If ever there was a time for prayer this was it. The faithful will believe that Patricius’s prayer worked.

It is easy to conclude that Patricius and his erstwhile friends had encountered the very twilight of empire, the devastation left in the wake of retreating legions. This is arguably the most concrete picture we have of Europe at that time. It’s a picture of European civilization surviving “…by the skin of our teeth”, clinging desperately to life like the lichens on the barren rocks of Skellig Michael itself.

This is a notion not easily dismissed and too easily romanticized. After all, we are left the Book of Kells, produced by Celtic monks around AD 800. This work is a testament to the stubborn human impulse to rage at seemingly inexorable forces of chaos, decay, and oblivion. Even atheists must recognize the achievements of quiet, impoverished clerics and scholars over a period of several hundred years. But for their efforts, civilization might simply have faded into a highland mist like so many tales of Avalon.

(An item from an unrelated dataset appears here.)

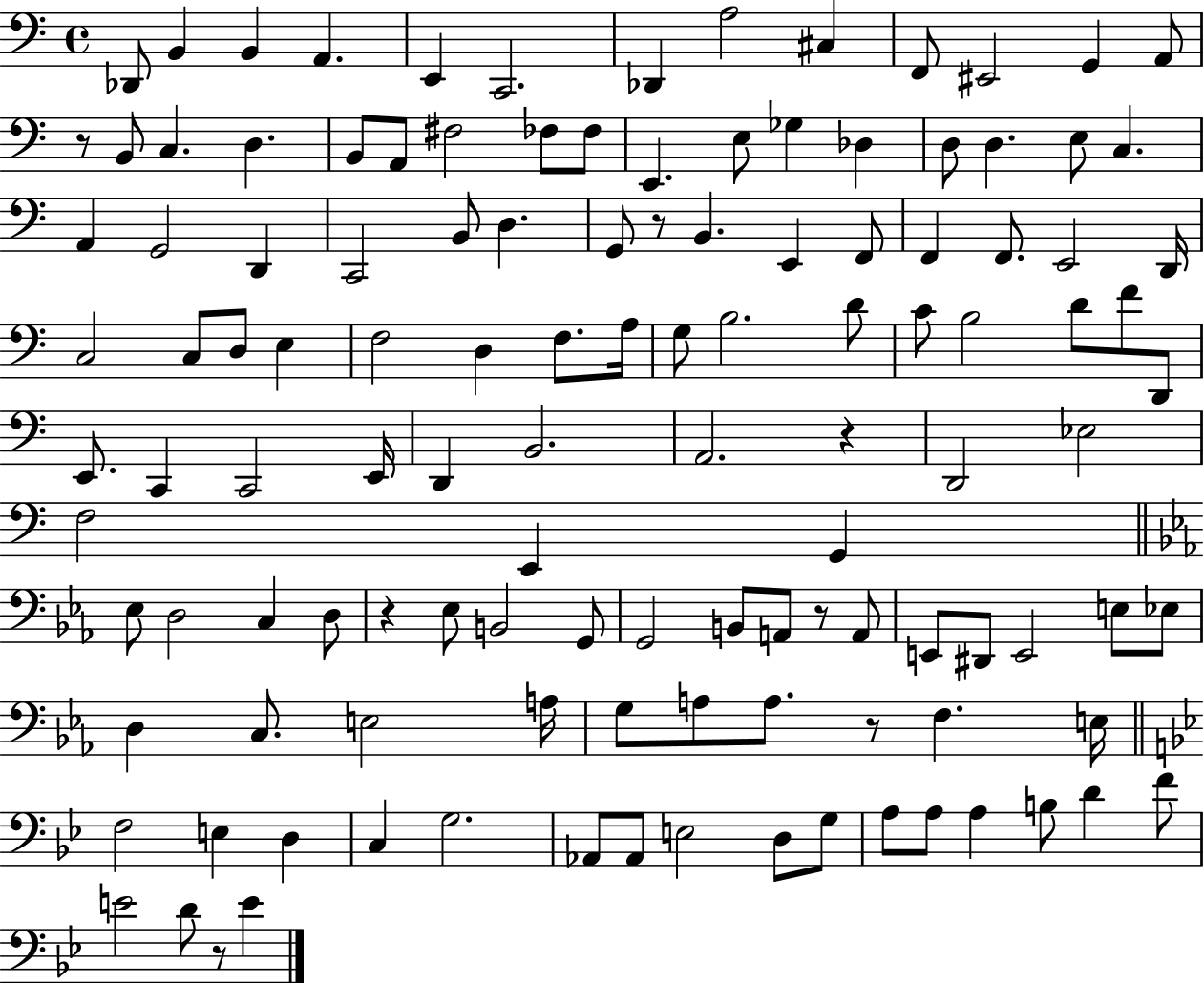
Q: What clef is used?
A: bass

Is it accurate to give so much credit to Ireland? In his book, How the Irish Saved Civilization, Cahill concedes that Greek literature and the Hebrew and Greek Bibles survived independently elsewhere. “Latin literature would almost surely have been lost without the Irish,” he concludes. But, he speculates, “…the national literatures of Europe might not have emerged had the Irish not forged the first great vernacular literature of Europe.”

By the time of the Renaissance, however, it fell to the secular minds of men like Leonardo da Vinci and Galileo to advance the spirit of inquiry. A broader view is taken by Russell who saw a broad departure from ancient priesthoods originating in Greece and taking shape over centuries of European history. He also saw the persistent threat of anti-democratic authoritarianism which would be associated in his time with fascism and Nazism:

“There is over a large part of the earth’s surface something not unlike a reversion to the ancient Egyptian system of divine kingship, controlled by a new priestly caste. Although this tendency has not gone so far in the West as it has in the east, it has, nevertheless, gone to lengths which would have astonished the eighteenth and nineteenth centuries both in England and in America. Individual initiative is hemmed in either by the state or by powerful corporations, and there is a great danger lest this should produce, as in ancient Rome, a kind of listlessness and fatalism that is disastrous to vigorous life. I am constantly receiving letters saying: ‘I see that the world is in a bad state, but what can one humble person do? Life and property are at the mercy of a few individuals who have the decision as to peace or war. Economic activities on any large scale are determined by those who govern either the state or the large corporations. Even where there is nominally democracy, the part which one citizen can obtain in controlling policy is usually infinitesimal. Is it not perhaps better in such circumstances to forget public affairs and get as much enjoyment by the way as the times permit?’ I find such letters very difficult to answer, and I am sure that the state of mind which leads to their being written is very inimical to a healthy social life. As a result of mere size, government becomes increasingly remote from the governed and tends, even in a democracy, to have an independent life of its own. I do not profess to know how to cure this evil completely, but I think it is very important to recognize its existence and to search for ways of diminishing its magnitude.”

-Bertrand Russell, Authority and the Individual, p. 18-19:

Have we come all this way only to lose civilization to a new and corporate dark age?